Summary: Technology-Assisted Review (TAR) helps legal teams prioritize documents, reduce review costs, and improve consistency—but it does not replace human judgment or quality control. Understanding TAR’s real capabilities and limits is key to building defensible, efficient eDiscovery workflows.
Artificial intelligence has become a permanent fixture in modern eDiscovery conversations—but few tools generate as much confusion as Technology-Assisted Review (TAR). For some legal teams, TAR is viewed as a silver bullet that can replace human review entirely. For others, it’s still misunderstood as a risky or opaque shortcut.
The reality lies somewhere in between.
When used correctly, TAR can dramatically reduce review time, control costs, and improve consistency. When misunderstood or misapplied, it can create risk, inefficiency, and false confidence. Understanding what TAR actually does—and just as importantly, what it doesn’t—is essential for legal professionals navigating complex document review projects.
Technology-Assisted Review is a category of tools that uses machine learning to help prioritize, categorize, and rank documents based on relevance. Often referred to as predictive coding, TAR learns from attorney decisions on a sample set of documents and applies that learning across the broader data population.
In practical terms, TAR supports AI legal review by identifying patterns in how reviewers label documents—responsive, non-responsive, privileged, or issue-specific—and predicting how similar documents should be treated.
1. Prioritizes documents more intelligently
TAR excels at ranking documents by likely relevance. Instead of reviewing documents in a random or chronological order, legal teams can focus first on materials most likely to matter. This accelerates early case assessment and helps attorneys understand key facts sooner.
2. Reduces review volume and cost
By identifying low-value documents with high confidence, TAR allows teams to reduce the number of documents requiring full human review. Fewer eyes on fewer documents translates into lower review costs and faster timelines—without sacrificing defensibility.
3. Improves consistency across reviewers
Human reviewers vary. TAR applies learned decision patterns uniformly across the dataset, helping reduce inconsistencies that naturally occur in large review teams. This is particularly valuable in matters involving multiple reviewers or long review timelines.
4. Supports defensible workflows
When implemented correctly—with proper training, validation, and quality control—TAR workflows are highly defensible. Courts have repeatedly recognized TAR as an acceptable and often preferable alternative to exhaustive manual review.
Despite its strengths, TAR has limitations—and misunderstanding them is where risk creeps in.
1. TAR does not replace legal judgment
TAR learns from humans; it does not think like one. Decisions about relevance, privilege, and strategy still require attorney oversight. AI legal review tools amplify expertise—they don’t substitute for it.
2. TAR does not eliminate the need for quality control
Even the most advanced predictive coding models require ongoing validation. Sampling, testing, and human review remain critical to ensuring accuracy and defensibility. TAR without QC is not a shortcut—it’s a liability.

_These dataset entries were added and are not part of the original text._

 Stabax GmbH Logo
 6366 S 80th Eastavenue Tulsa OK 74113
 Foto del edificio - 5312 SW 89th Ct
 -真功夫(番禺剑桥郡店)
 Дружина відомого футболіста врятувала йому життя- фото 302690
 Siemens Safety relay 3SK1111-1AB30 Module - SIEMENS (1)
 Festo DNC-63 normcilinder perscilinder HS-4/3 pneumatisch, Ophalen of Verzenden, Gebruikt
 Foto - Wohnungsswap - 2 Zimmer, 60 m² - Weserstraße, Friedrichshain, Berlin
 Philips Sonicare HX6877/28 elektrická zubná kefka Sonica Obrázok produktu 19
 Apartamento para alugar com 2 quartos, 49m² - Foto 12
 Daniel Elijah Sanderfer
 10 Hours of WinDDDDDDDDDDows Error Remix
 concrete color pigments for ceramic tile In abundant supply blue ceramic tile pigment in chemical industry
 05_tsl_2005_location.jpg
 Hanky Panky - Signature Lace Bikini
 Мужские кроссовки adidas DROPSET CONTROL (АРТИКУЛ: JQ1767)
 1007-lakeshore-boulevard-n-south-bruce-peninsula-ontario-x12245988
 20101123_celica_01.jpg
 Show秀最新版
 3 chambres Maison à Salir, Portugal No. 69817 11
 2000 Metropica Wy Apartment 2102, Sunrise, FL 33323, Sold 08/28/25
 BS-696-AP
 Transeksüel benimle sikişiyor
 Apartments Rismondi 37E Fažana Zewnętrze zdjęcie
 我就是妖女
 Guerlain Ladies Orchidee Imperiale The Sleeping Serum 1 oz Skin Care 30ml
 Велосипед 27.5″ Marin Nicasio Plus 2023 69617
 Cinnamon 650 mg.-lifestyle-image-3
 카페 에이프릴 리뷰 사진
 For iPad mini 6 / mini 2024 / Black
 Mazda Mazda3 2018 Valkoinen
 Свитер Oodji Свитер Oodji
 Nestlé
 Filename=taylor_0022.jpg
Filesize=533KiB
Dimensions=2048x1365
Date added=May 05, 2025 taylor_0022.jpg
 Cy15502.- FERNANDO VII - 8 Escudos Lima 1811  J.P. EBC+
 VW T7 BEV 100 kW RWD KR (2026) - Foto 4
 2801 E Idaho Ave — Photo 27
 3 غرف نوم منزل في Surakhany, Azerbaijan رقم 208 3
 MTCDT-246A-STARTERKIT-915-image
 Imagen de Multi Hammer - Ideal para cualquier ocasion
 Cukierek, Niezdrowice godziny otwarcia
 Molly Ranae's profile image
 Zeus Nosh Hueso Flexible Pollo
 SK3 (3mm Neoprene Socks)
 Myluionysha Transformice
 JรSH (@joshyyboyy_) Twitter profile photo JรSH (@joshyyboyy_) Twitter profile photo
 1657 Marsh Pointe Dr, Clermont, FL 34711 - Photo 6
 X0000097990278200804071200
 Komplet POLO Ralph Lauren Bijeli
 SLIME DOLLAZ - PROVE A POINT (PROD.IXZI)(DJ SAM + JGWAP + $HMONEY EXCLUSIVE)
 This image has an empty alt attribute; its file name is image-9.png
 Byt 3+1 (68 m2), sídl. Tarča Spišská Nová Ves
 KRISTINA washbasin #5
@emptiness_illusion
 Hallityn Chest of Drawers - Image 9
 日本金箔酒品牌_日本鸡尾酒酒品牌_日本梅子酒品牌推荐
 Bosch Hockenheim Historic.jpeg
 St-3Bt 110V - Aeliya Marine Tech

3. TAR does not fix poor data or unclear objectives
If the underlying data is incomplete, poorly processed, or scoped incorrectly, TAR cannot compensate. Likewise, vague review criteria or inconsistent training decisions will produce unreliable results. Successful TAR starts with clear goals and clean inputs.
4. TAR does not mean “set it and forget it”
Effective TAR workflows are iterative. Models improve as they receive more feedback, and review strategies may evolve as a case develops. Treating TAR as a one-time exercise undermines its value.
TAR offers value for legal teams of all sizes. It can streamline high-volume litigation, support internal investigations, handle regulatory responses, and help control review costs. Paired with experienced litigation support partners, TAR workflows can be tailored to each team’s priorities, delivering efficiency and defensibility without adding unnecessary complexity.
The effectiveness of TAR depends not just on the technology, but on how it’s implemented. Successful AI legal review requires a combination of advanced tools, proven workflows, and experienced professionals who understand both the technology and the legal implications.
At Array, TAR is integrated into a broader, end-to-end litigation support approach that balances innovation with defensibility. Our teams work closely with law firms and in-house legal departments to design customizable review workflows that combine predictive coding, Continuous Active Learning (CAL), generative AI, and attorney oversight. This approach helps prioritize what matters most, accelerate review cycles, maintain rigorous quality control, and keep human judgment central to key decisions—ensuring efficiency, defensibility, and risk mitigation across every matter.
Technology-Assisted Review is neither magic nor menace. It is a powerful tool—when used with intention, expertise, and transparency. Understanding what TAR actually does (and doesn’t) empowers legal teams to make smarter decisions, manage discovery more effectively, and deliver better outcomes for clients.
In an era of growing data volumes and rising expectations, informed use of TAR isn’t just an advantage—it’s essential.